At a number of Works and Factories, Branches of the Bank have been established, while at others the employees have authorised deductions from their wages for credit direct to their private accounts in the Bank. These methods of saving involve the minimum clerical labour for employers and the maximum saving for employees.
 
The establishment of branches in factories was a temporary wartime measure, but the Direct Transfer Scheme with its similar benefit of enabling deposits to be made without attendance at a 'normal' branch, may have resulted from the direct contact between the Bank and various factories.
 
Subsequent Annual Reports referred to the growing popularity of the scheme, and emphasised that .... Under this scheme depositors still retain possession of their pass books, but present them at the Bank from time to time for the credits to be entered therein.
 
The vast majority of employees participating in the scheme were weekly paid by cash, and their saving deductions were made on a weekly basis. Although it seems that some employers remitted the sums deducted to the Bank on a weekly cycle, the majority of firms accumulated the savings and passed them to the Bank each month. Prior to computerisation, the scheme generated large amounts of paper, particularly at schemes run by the region's major employers.
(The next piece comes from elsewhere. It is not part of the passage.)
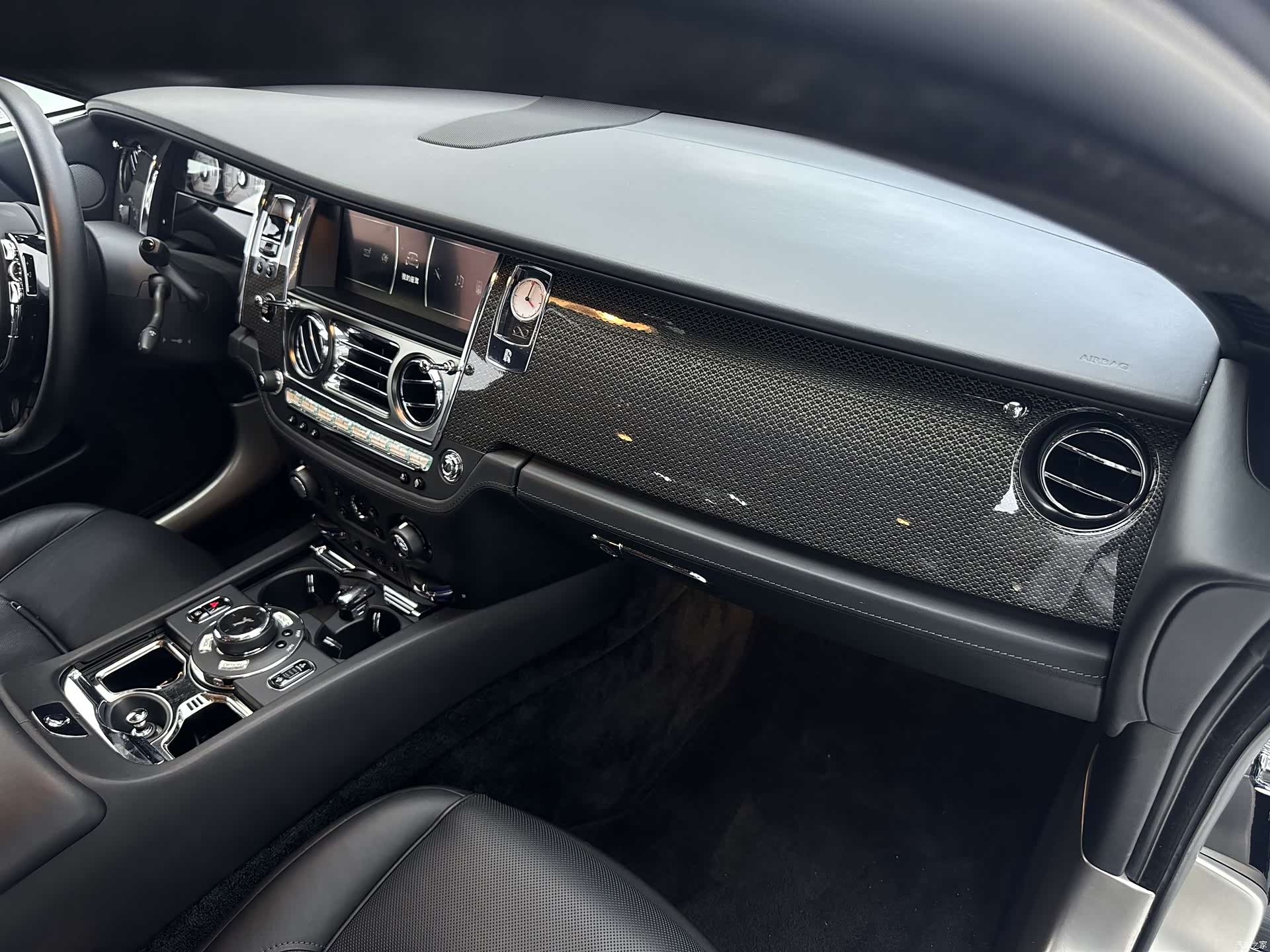 Rolls-Royce Wraith, 2017 14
Accles & Pollock at Oldbury probably had the largest scheme with several thousand savers amongst their workforce. The popularity of the scheme was due in a large part to the assistance given by the employers in making the service available.
 
Some employers encouraged participation by paying an interest bonus. The bonus was calculated from returns compiled by branches, who were instructed that the additional 2¼% interest [will be paid]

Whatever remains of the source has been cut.